Correlation between the physicochemical properties and catalytic performances of micro/mesoporous CoCeO_x mixed oxides for propane combustion

A series of micro-mesoporous CoCeO_x catalysts have been successfully prepared using a double template combining sol-gel method. The catalytic performance of novel CoCeO_x catalysts are investigated and compared with pure Co₃O₄ and CeO₂ catalysts for total oxidation of propane. It is found that the Co₁Ce₁ catalyst shows the highest catalytic activity (T₅₀ = 217 °C) as well as a good reaction stability and water tolerance among the five catalysts.
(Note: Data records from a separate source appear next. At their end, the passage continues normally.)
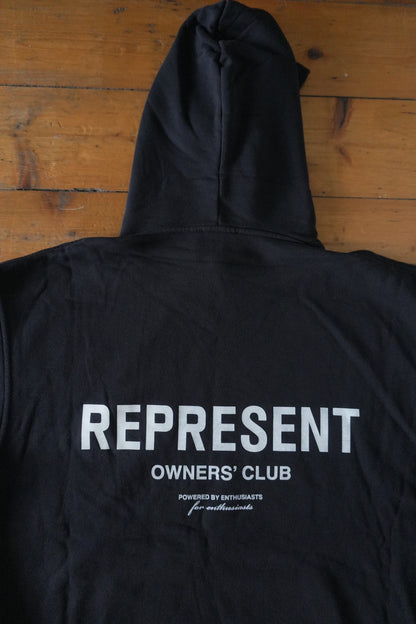 Represent Hoodie Owner's Club Black Oversized Men's Small Hooded Sweatshirt
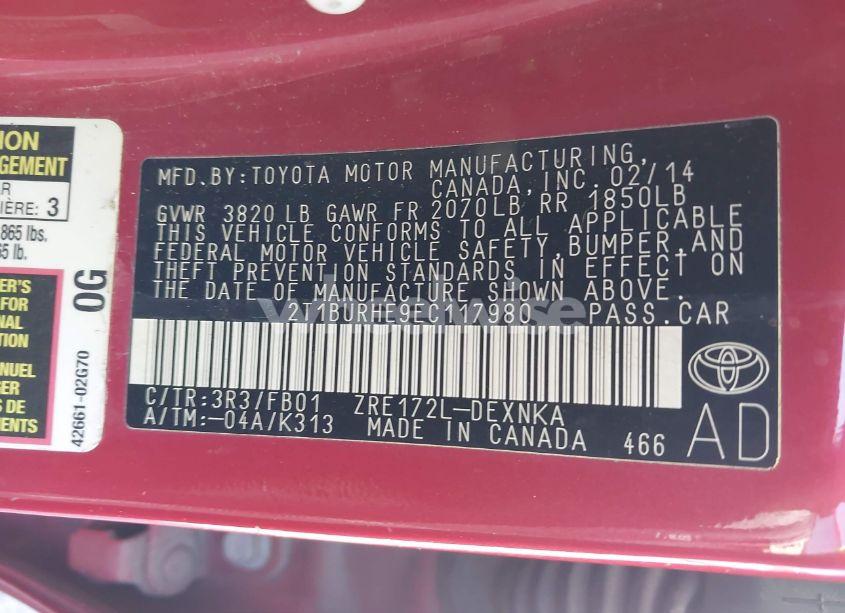 Photo 9 of 2014 Toyota Corolla LE (VIN 2T1BURHE9EC117980)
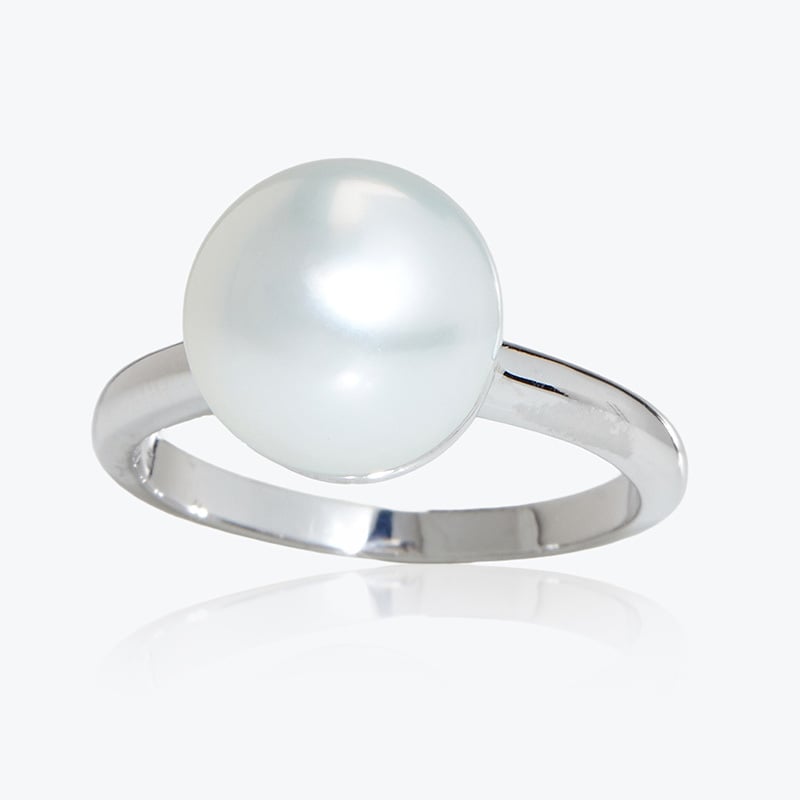 Matahina 11-12mm White Button South Sea Pearl Ring Sterling Silver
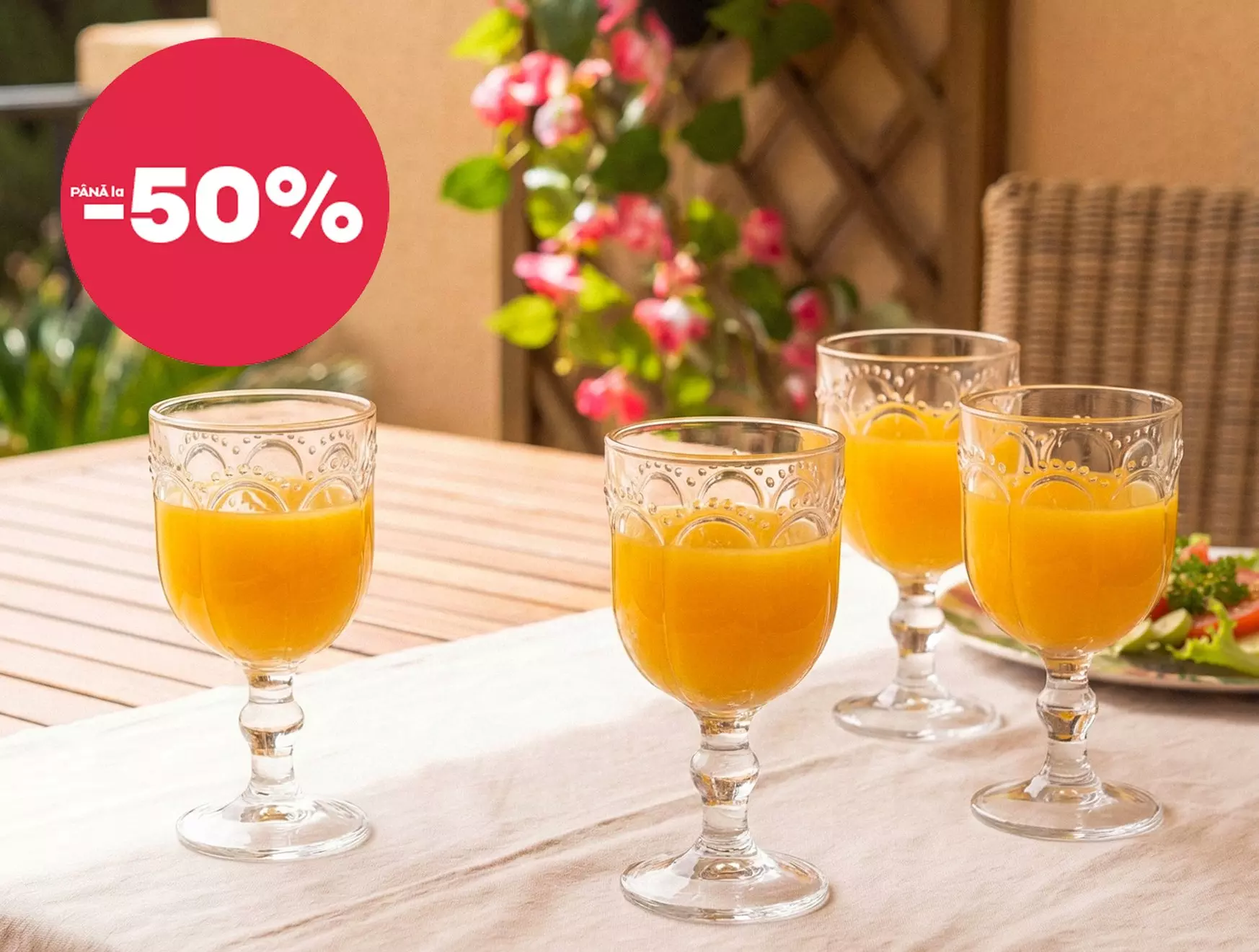 Pepco set de pahare decorative cu suc de portocale, reducere până la 50%.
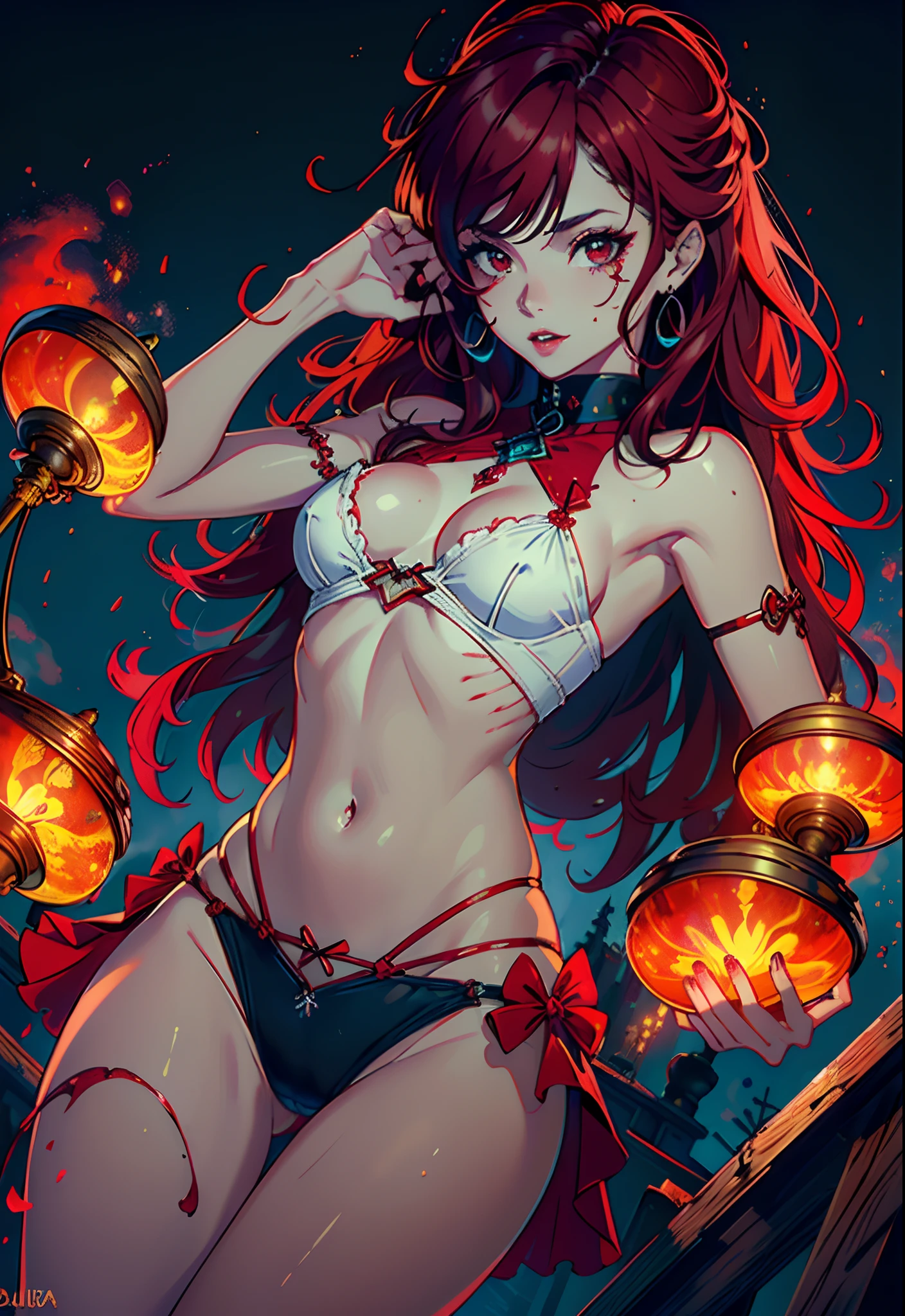 (((La mejor calidad))), (((Ultra detallado))), (((Obra maestra))), illustration,(La nube de sangre roja oscura flota en el aire,the red bat,magia de sangre),1girl,sexo, Cara perfecta,One of her hands waved a whip, volumetric illumination,Chica sexoy wowdk,sonrisa loca,lluvia de sangre roja, cuervo,cementerio, fantasy, underground castle, ((colores apagados, Noche, oscuridad)), maquillaje, mascara,translucent skin, Semitonos,nube,luz_particuls,Eldenring\(Malenia\) 1girl, casco alado, capa roja, (Malenia_hoja:1.3), ojos cubiertos, sangre,Pelo rojo,(maldito_Izquierda_brazo:1.3)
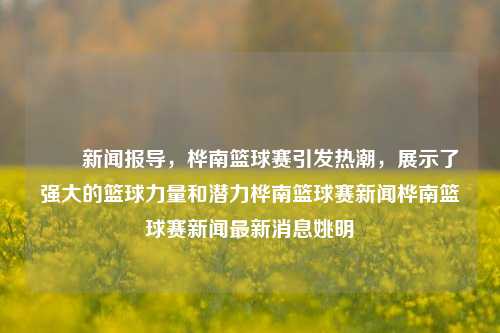 ​​新闻报导，桦南篮球赛引发热潮，展示了强大的篮球力量和潜力桦南篮球赛新闻桦南篮球赛新闻最新消息姚明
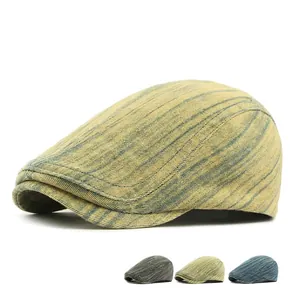 Casquette Plate Vintage En Coton Denim Lavé Style Britannique Rétro Réglable Chapeau Ivy Newsboy Pour Hommes Femmes
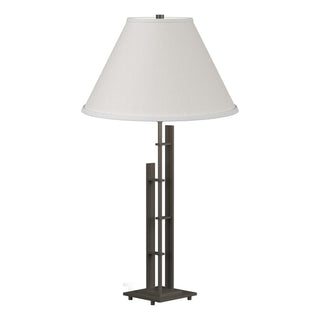 Buy dark-smoke-with-natural-anna-shade-sf-glass-and-white-shade Metra Table Lamp by Hubbardton Forge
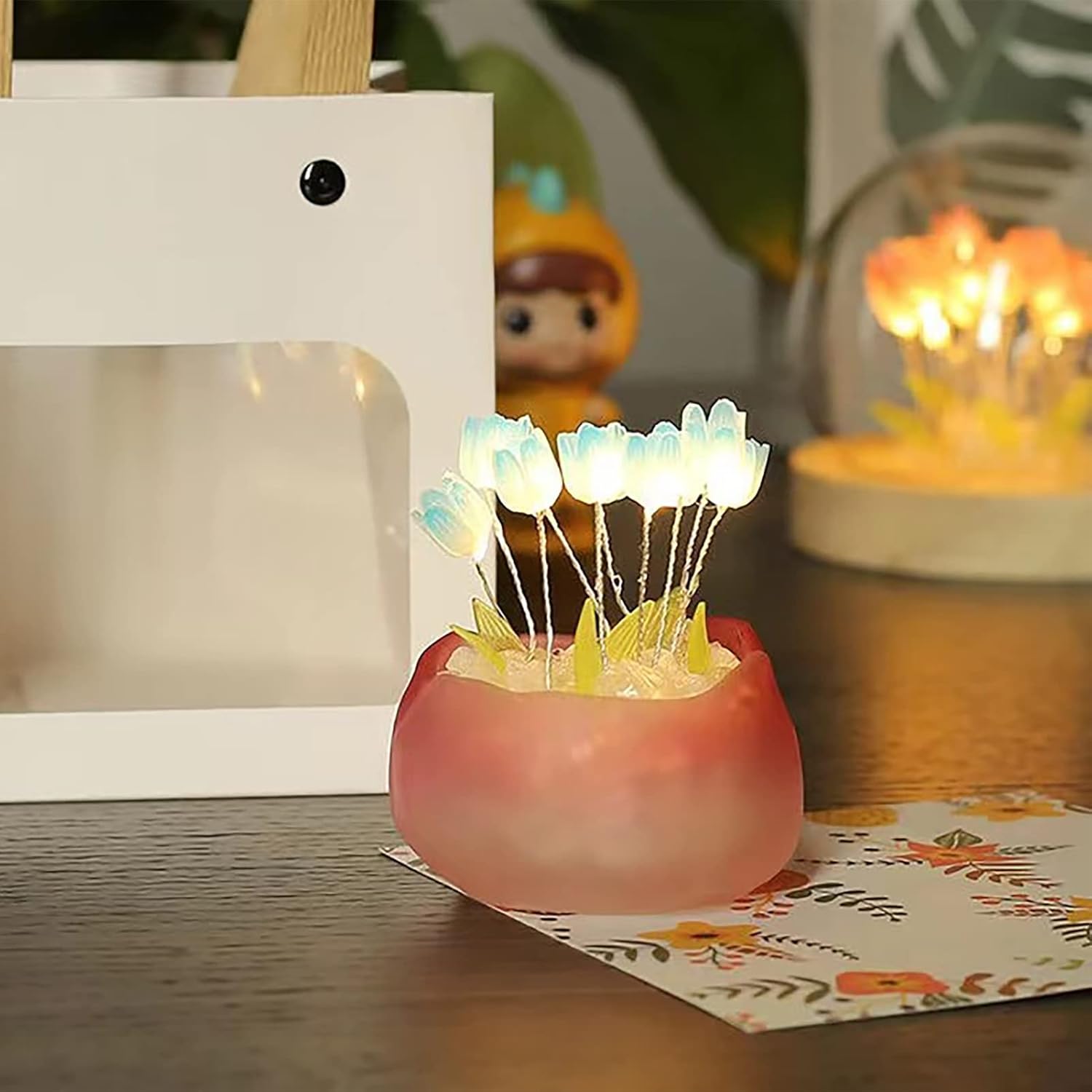 Luz nocturna de tulipán hecha a mano, bonita lámpara de mesa de flores de tulipán con maceta simulación para dormir, adornos para el hogar, sala de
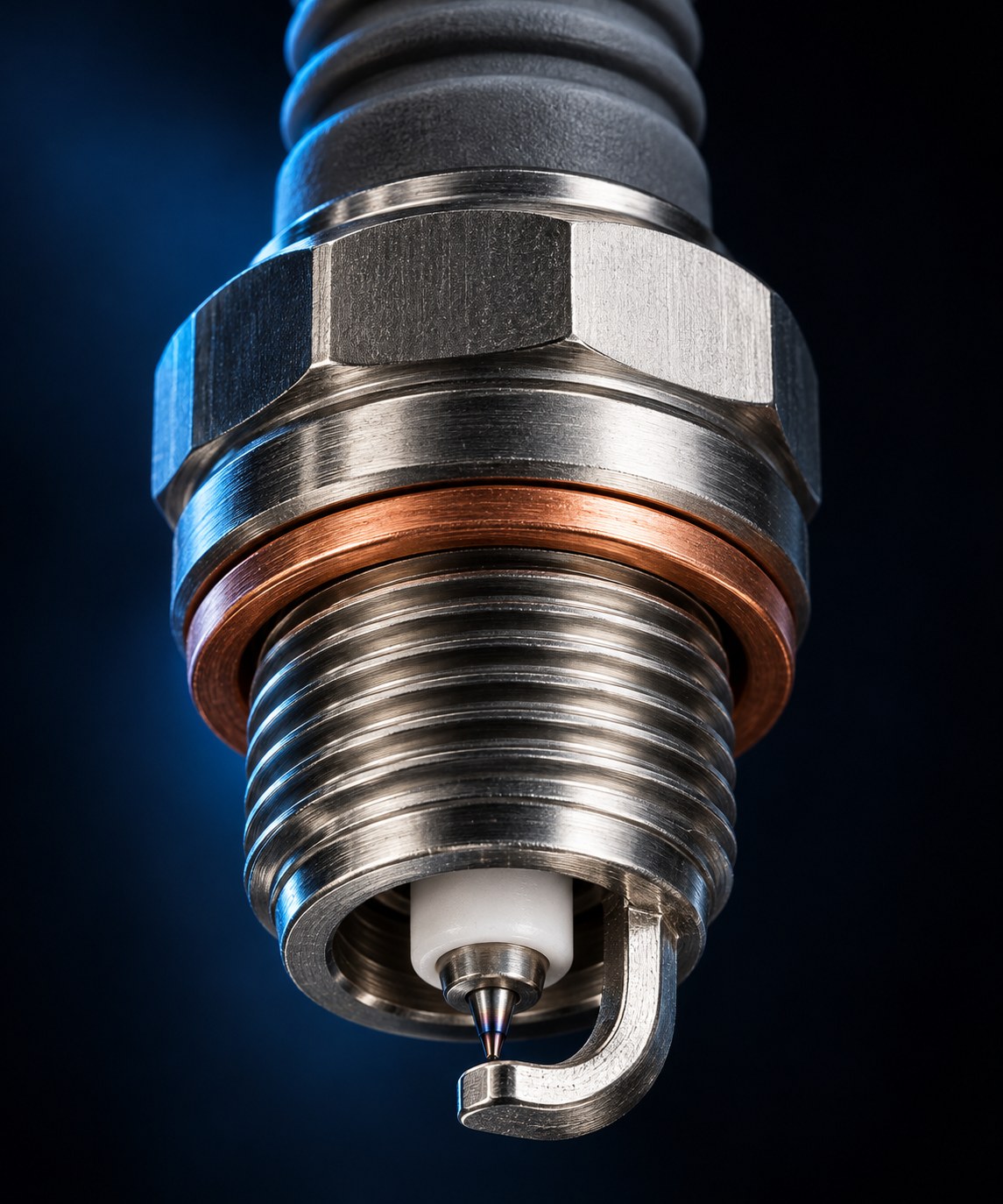 Macro close-up of an iridium and platinum industrial spark plug electrode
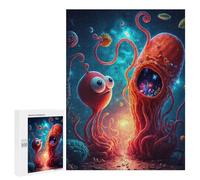 Rompecabezas para Adultos500 PCS Alien Jellyfish Encounter Rompecabezas para Adultos Juegos Familiares Análisis Y Lógica Reducción del Estrés Regalos 500 PCS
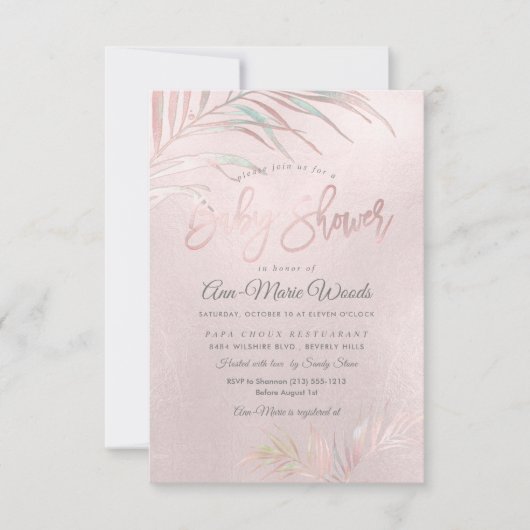 PixDezines Waterverf Palms Baby shower Kaart (Voorkant)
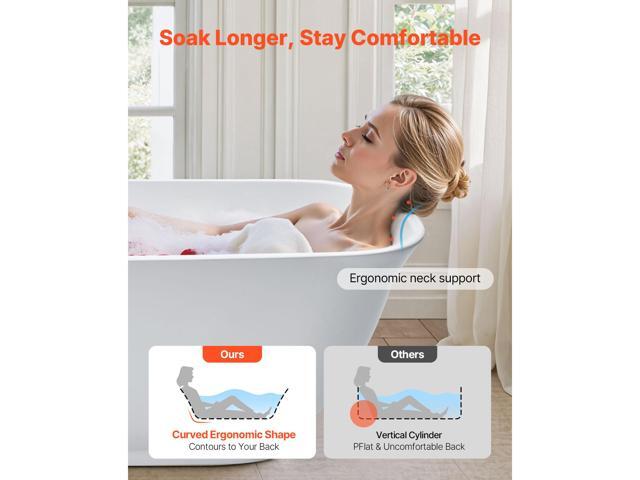 VEVOR Acrylic Freestanding Bathtub, 67 Inch Contemporary Soaking White Tub with Polished Chrome Overflow and Drain, Elegant Oval Shape Stand Alone...
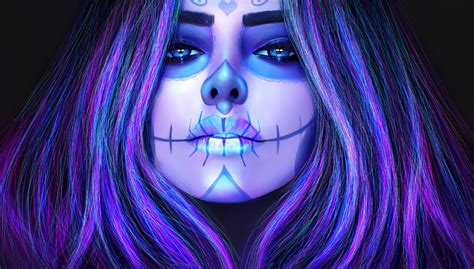 Model Halloween Dia De Los Muertos Tattoo Black Woman Brunette Girl Hand Face Skull Hd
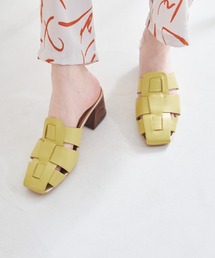 【本革】【NICAL】スクエアトゥグルカミュールサンダル/24106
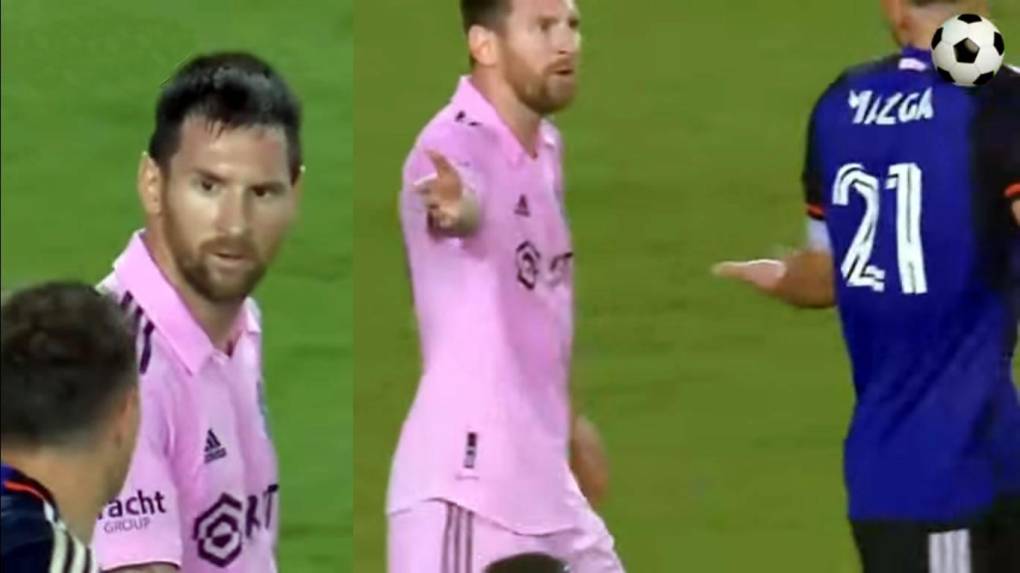 El argentino también discutió con Matt Miazga y le tiró esta mirada a Santiago Arias. No estaba nada contento Messi.
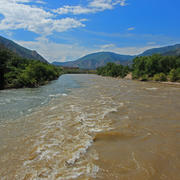 Colorado River, and Roaring Fork River confluence, Glenwood Springs, Garfield County, CO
The Co₃O₄, CeO₂ and CoCeO_x catalysts are characterized using XRD, BET, Raman, XPS, H₂-TPR, O₂-TPD, HRTEM, HAADF-STEM and in situ DRIFTS. The results demonstrate that the larger BET surface area, smaller grain size, stronger reducibility and more active oxygen species of the Co₁Ce₁ catalyst are responsible for its outstanding catalytic performance among the five catalysts. Moreover, the synergistic effect between Co and Ce over CoCeO_x catalysts are probably relevant to the formation of Co_xCe_1−xO_2−σ solid solution. In addition, on the basis of the results of XPS, kinetic analysis and in situ DRIFTS, the surface Co³⁺ ions and active oxygen species are regarded as the major active sites of the CoCeO_x catalysts for total oxidation of propane, and then a scheme of reaction model based on Langmuir-Hinshelwood mechanism is suggested at last. It can be expected that the micro-mesoporous CoCoO_x catalysts are promising materials for VOCs removal, and the results in this research may also provide some new insights into the catalyst design and mechanism exploration for VOCs catalytic oxidation.